Motion Tracker. A student project, which also has code and sample videos I believe.
Of course, this might be overkill for you, but hope it helps giving you other leads.
Simple is good. I'd start doing something like:
1) over a small rectangle, that surrounds a spot:
2) apply a weighted average of all the pixel coordinates in the area
3) call the averaged X and Y values the objects position
4) while scanning these pixels, do something to approximate the bounding box size
5) repeat next frame with a slightly enlarged bounding box so you don't clip spot that moves
The weight for the average should go to zero for pixels below some threshold. Number 4 can be as simple as tracking the min/max position of anything brighter than the same threshold.

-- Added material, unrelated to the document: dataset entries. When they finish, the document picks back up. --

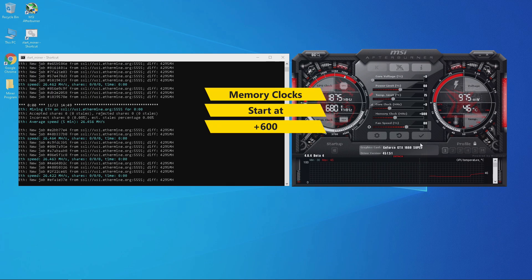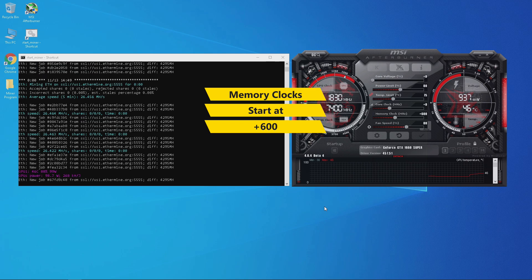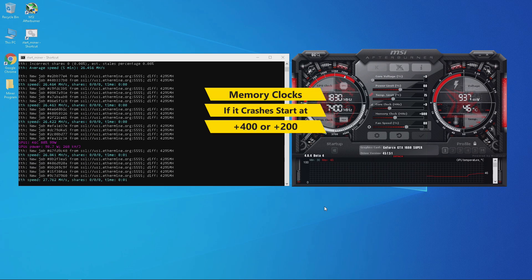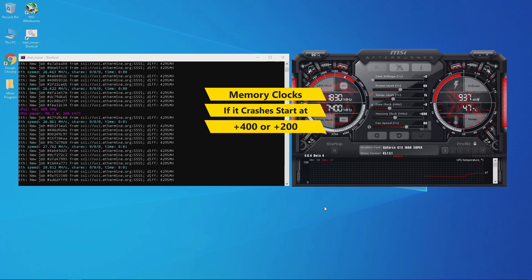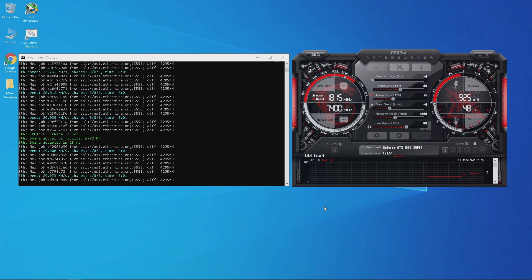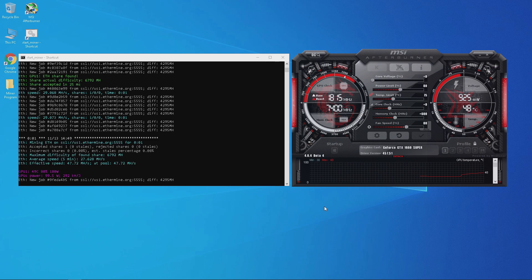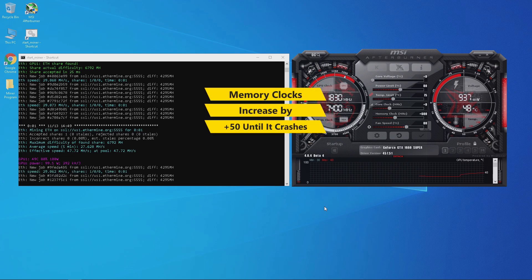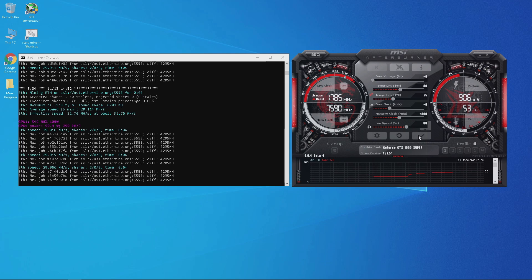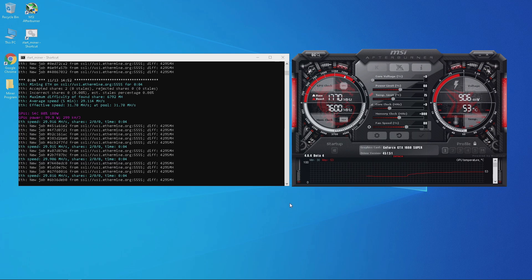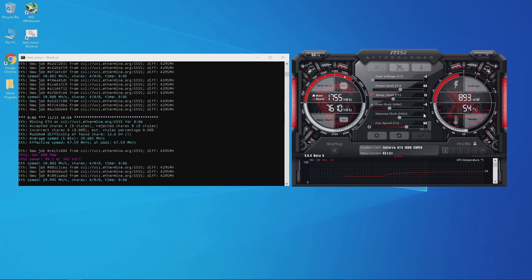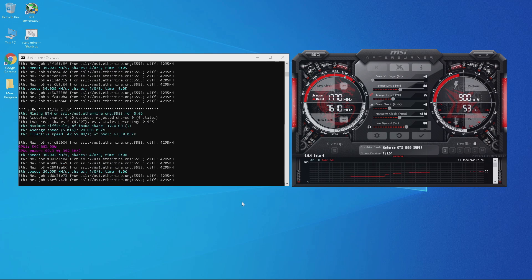Let's increase the memory to plus 600 and click the check mark to apply. Plus 600 on memory is a safe starting point for most GPUs mining Ethereum — if your GPU crashes at plus 600, try starting with plus 400 or plus 200. At plus 600 I'm getting around 29 megahashes. Keep increasing memory clocks by 50 until the GPU crashes. This GPU crashed at plus 850 memory, so go back to the previous stable setting and fine-tune by increments of 10 or 5. The highest stable memory for this GPU is plus 820.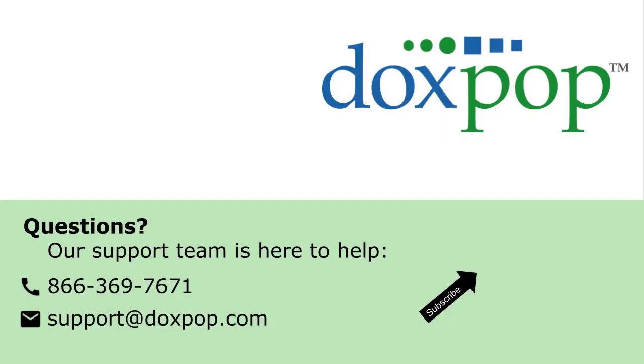Thanks for watching this video. I hope you found it helpful. If you have questions that weren't answered by this video, please don't hesitate to contact our friendly support staff for help.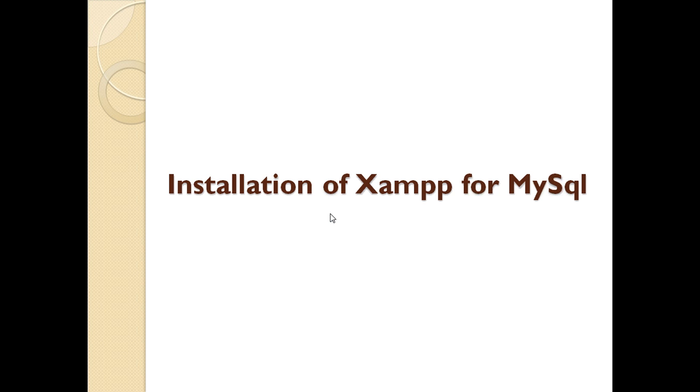Hello friends, this is the next tutorial in DBMS series. Today we are going to learn how we can install MySQL database.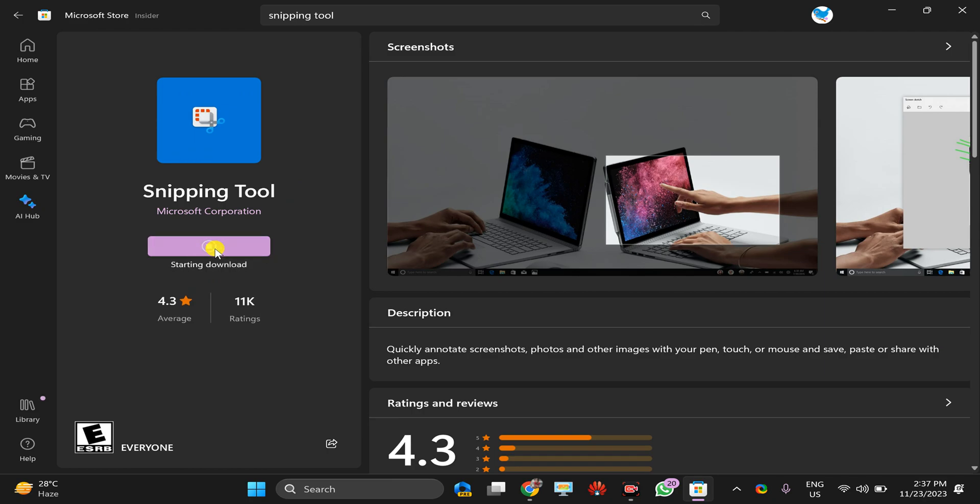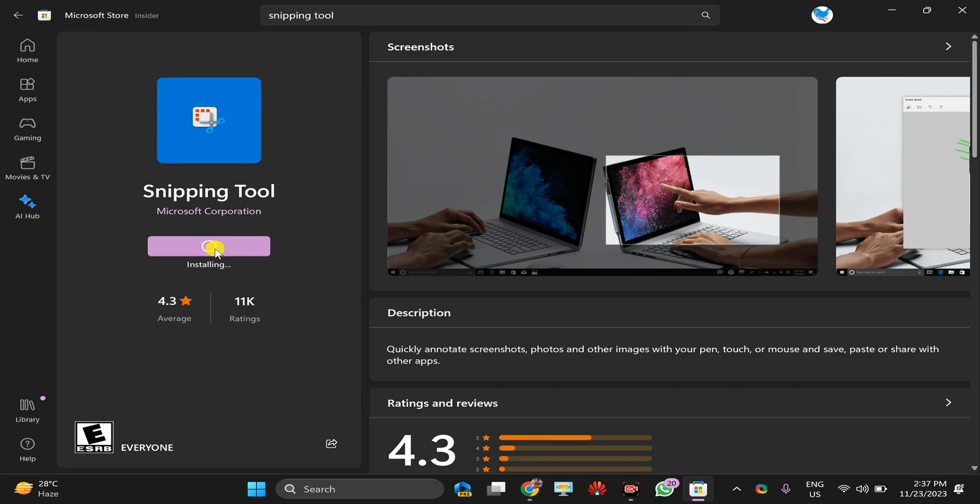This will again install Snipping Tool on your Windows 11 PC. Like this, you can install, uninstall, or repair Snipping Tool on your Windows 11 PC. Thanks for watching this video. If you are new to our channel, Gear Up Windows,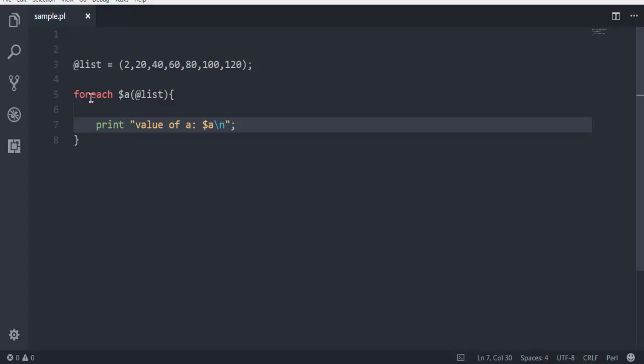What will happen is this foreach loop will iterate through individual numbers and print them out for us, and after the end it will simply exit out of the loop. Whenever you want to go through a data structure where you have a list of items to iterate through, you can make use of a foreach loop, as we are doing here with our list.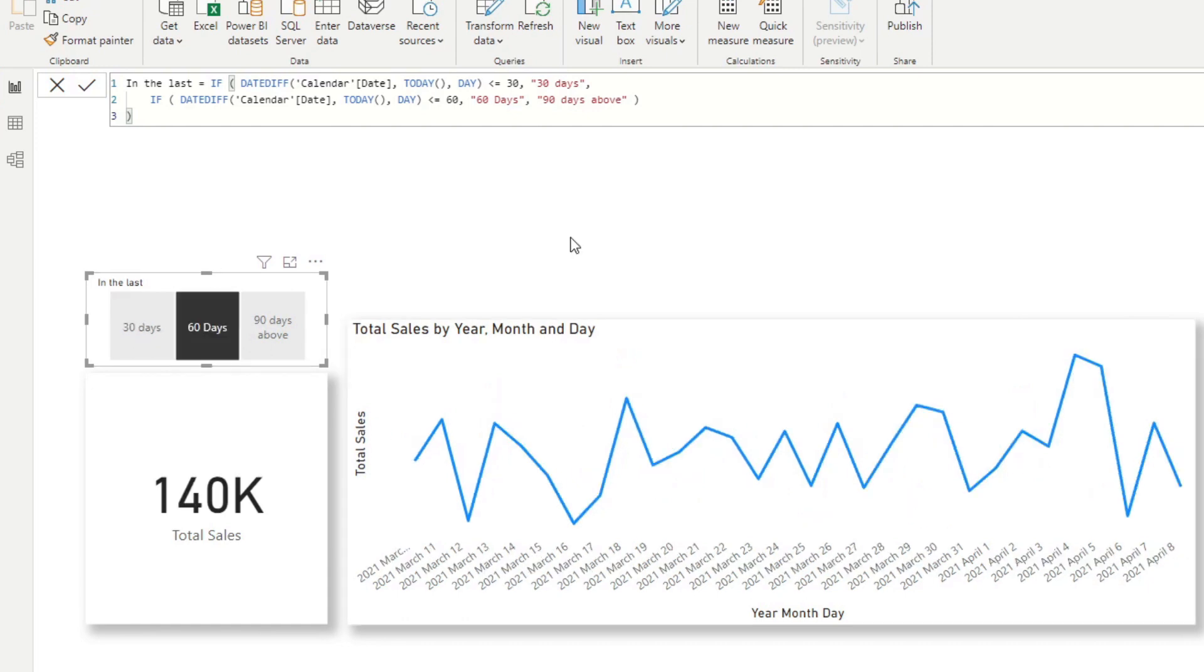So basically what the column has done is it put the last 30 days in the 30 days bucket, but we have a 60 days, which needs to incorporate the last 60 days, including those dates in the past 30 days.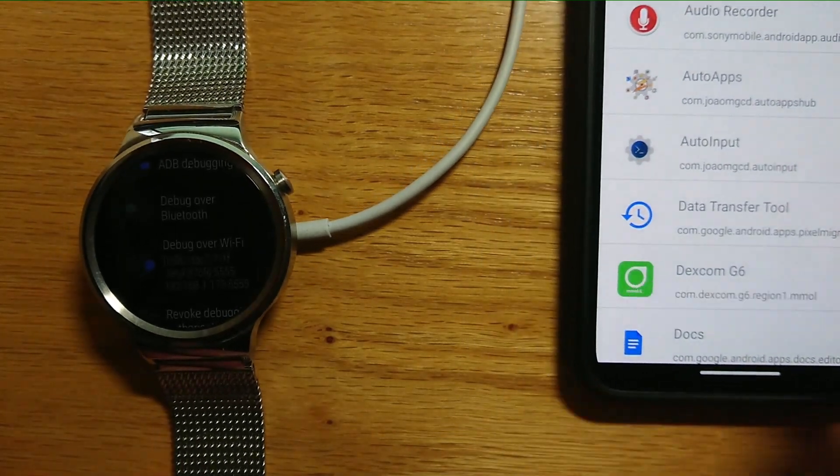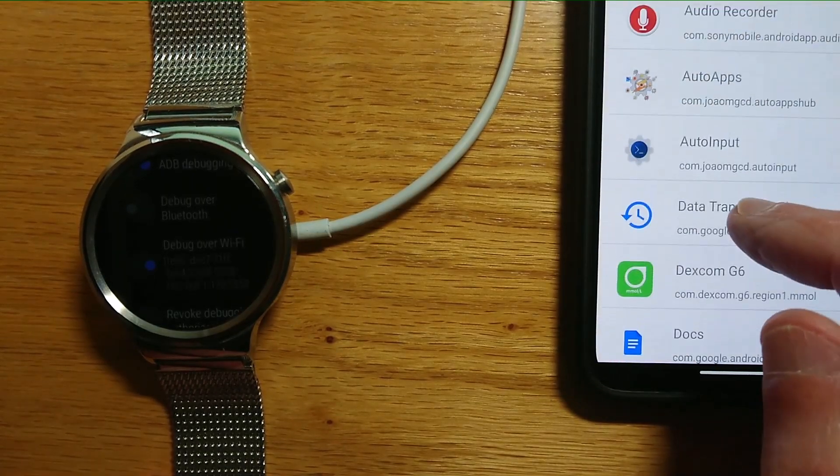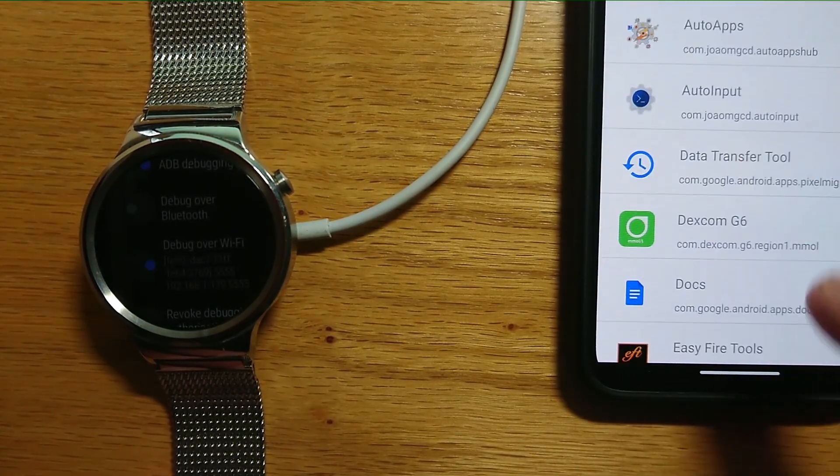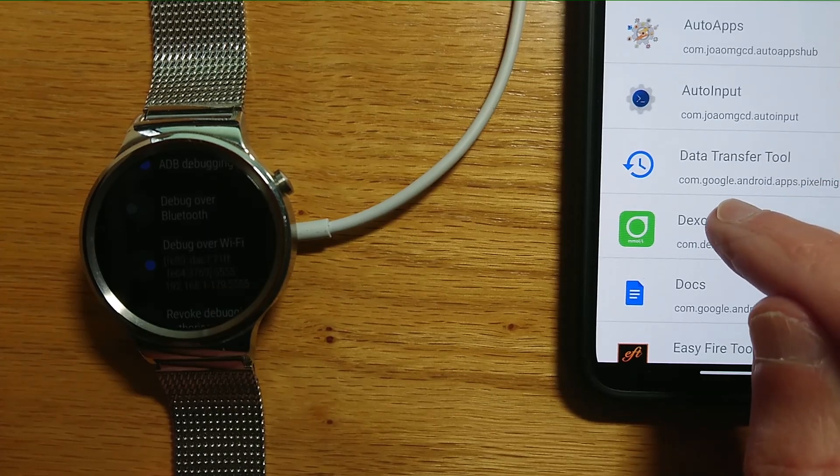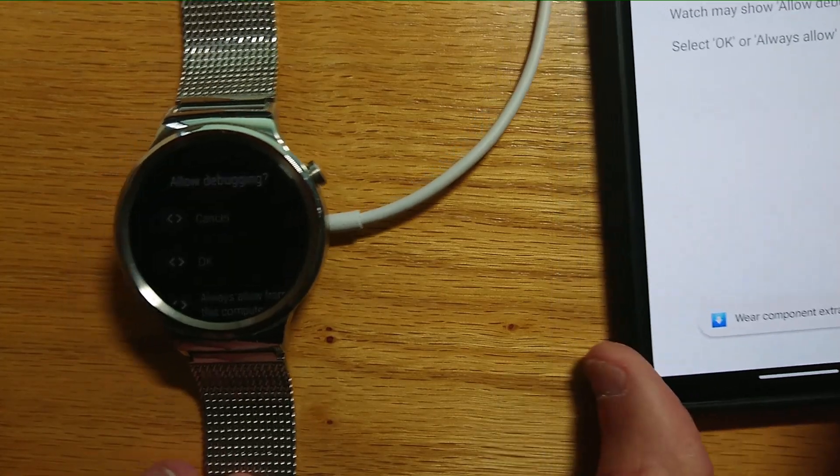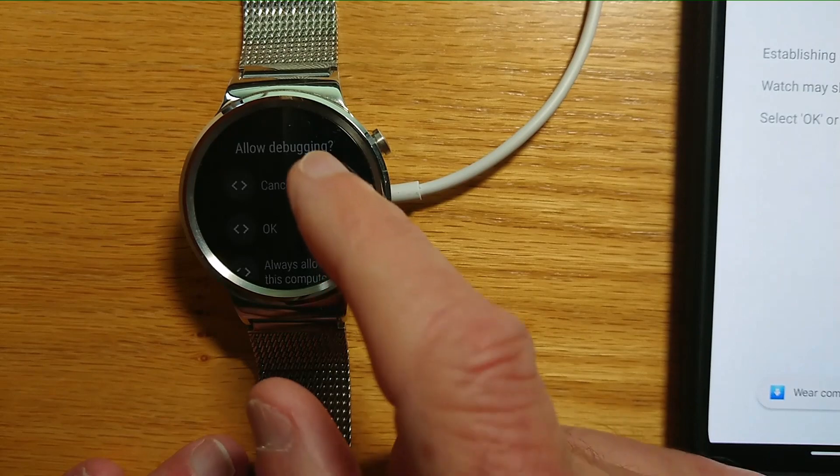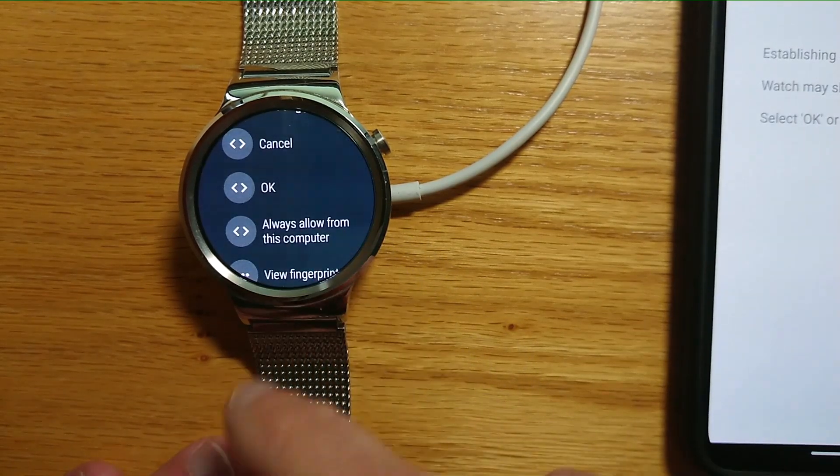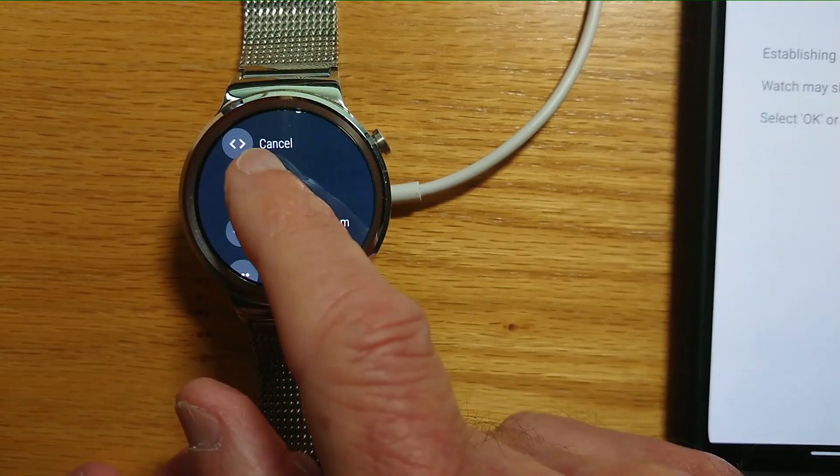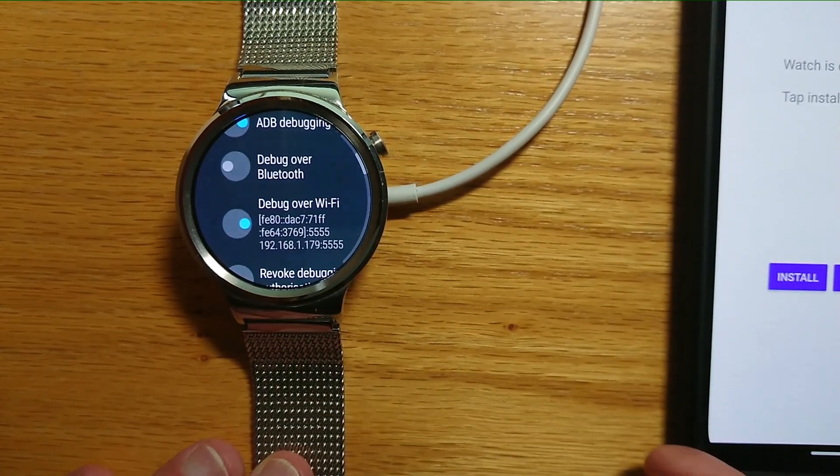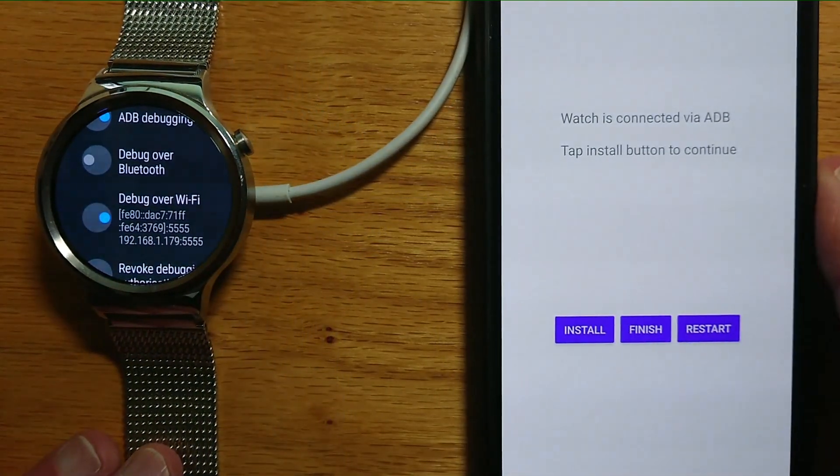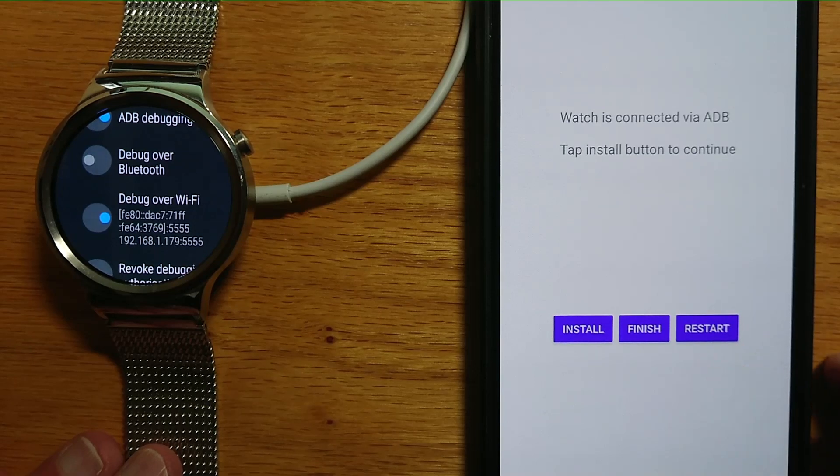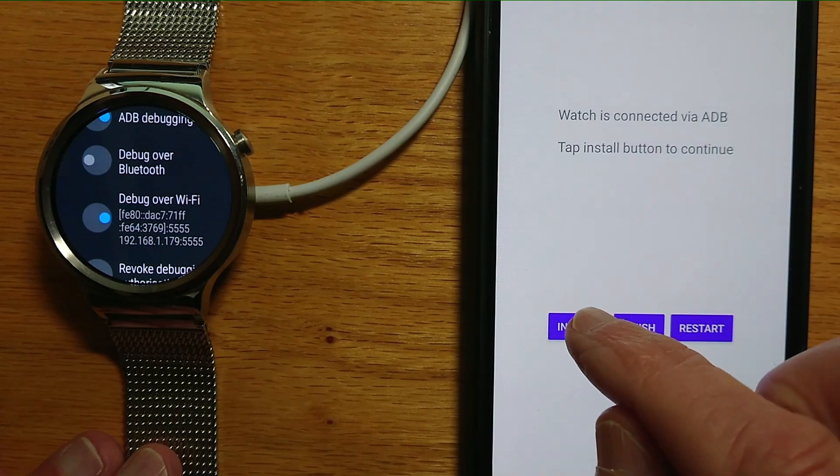Now you'll see a list of all the installed apps, and Dexcom G6 is there. Let's tap on it. The phone and watch are trying to make a connection over Wi-Fi. Let's allow that on the watch. Now let's select Install and see what happens.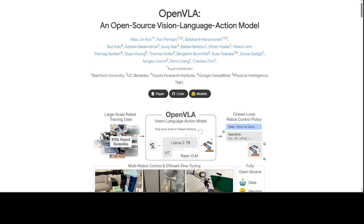If you want to use artificial intelligence with robotics, have a look at this new model called OpenVLA. OpenVLA is an open source vision language action model which you can easily use with robots using the Transformers library.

This will of course have issues with spots that overlap or cross paths. But for some reason I keep thinking you're tracking stars with some unknown camera motion, in which case this should be fine.
I'm afraid that blob tracking is not simple, not if you want to do it well.
Start with blob detection as genpfault says.
Now you have spots on every frame and you need to link them up. If the blobs are moving independently, you can use some sort of correspondence algorithm to link them up. See for instance http://server.cs.ucf.edu/~vision/papers/01359751.pdf.
Now you may have collisions. You can use mixture of gaussians to try to separate them, give up and let the tracks cross, use any other before-and-after information to resolve the collisions (e.g. if A and B collide and A is brighter before and will be brighter after, you can keep track of A; if A and B move along predictable trajectories, you can use that also).
Or you can collaborate with a lab that does this sort of stuff all the time.